The two distinct high and low PBC ranges were then analyzed as potential predictive markers for therapeutic response. In this analysis, 8788% of patients in the PBChigh group achieved CR after a single chemotherapy course, compared with only 44% of patients in the PBClow group (p<0.0001).
“PBC analysis can provide a very early prediction of outcome, correlates with treatment intensity and disease subset, and may support studies of customized AML therapy.”
—Francesco Mannelli, MD
Rates of CR and PBChigh status were significantly higher in patients randomized to the high-dose induction chemotherapy arm. PBChigh patients also experienced better long-term outcomes than patients in the PBClow category:
- overall survival: 63% vs. 25% (p<0.0001)
- disease-free survival: 56% vs. 29% (p=0.0002)
- event-free survival: 50% vs. 18% (p<0.0001)
- cumulative incidence of relapse: 37% vs. 62% (p=0.0024)
Multivariate risk models also revealed that PBChigh rates correlated strongly with genetic/cytogenetic risk but retained independent predictive power for long-term outcomes.
Taken together, these results suggest that “PBC analysis can provide a very early prediction of outcome, correlates with treatment intensity and disease subset, and may support studies of customized AML therapy,” the authors concluded.
However, the implications of this study are limited by the lack of individual LAIP re-assessment in bone marrow samples at the time of response examination and MRD analysis and by the lack of clinical action taken based on LAIP results. Another limitation, according to Dr. Mannelli, concerns the correlation of PBC with MRD, which is widely recognized as an essential post-treatment parameter for measuring response in AML. “We could not assess this issue because MRD data were not included in the patient cohort of the NILG trial,” he said. “We are working now with data from a different series, and we hope to publish these findings soon.”

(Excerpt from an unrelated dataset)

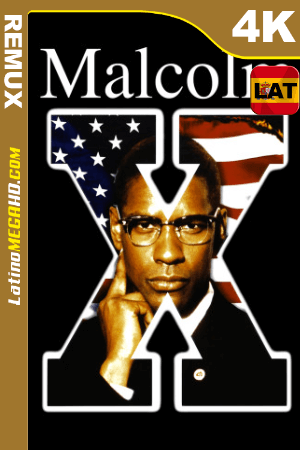 Malcolm X (1992) Latino UltraHD BDREMUX 2160p ()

Dr. Manelli added that researchers also are planning to launch a multicenter trial that will evaluate outcomes of induction treatment modified on the basis of PBC results; if a patient has PBC findings predictive of poor response to standard induction, they will immediately be switched to an intensified induction regimen consisting of high-dose cytarabine.
The authors report no relevant conflicts of interest.
Gianfaldoni G, Mannelli F, Intermesoli T, et al. Early peripheral clearance of leukemia-associated immunophenotypes in AML: centralized analysis of a randomized trial. Blood Adv. 2020;4:301-311.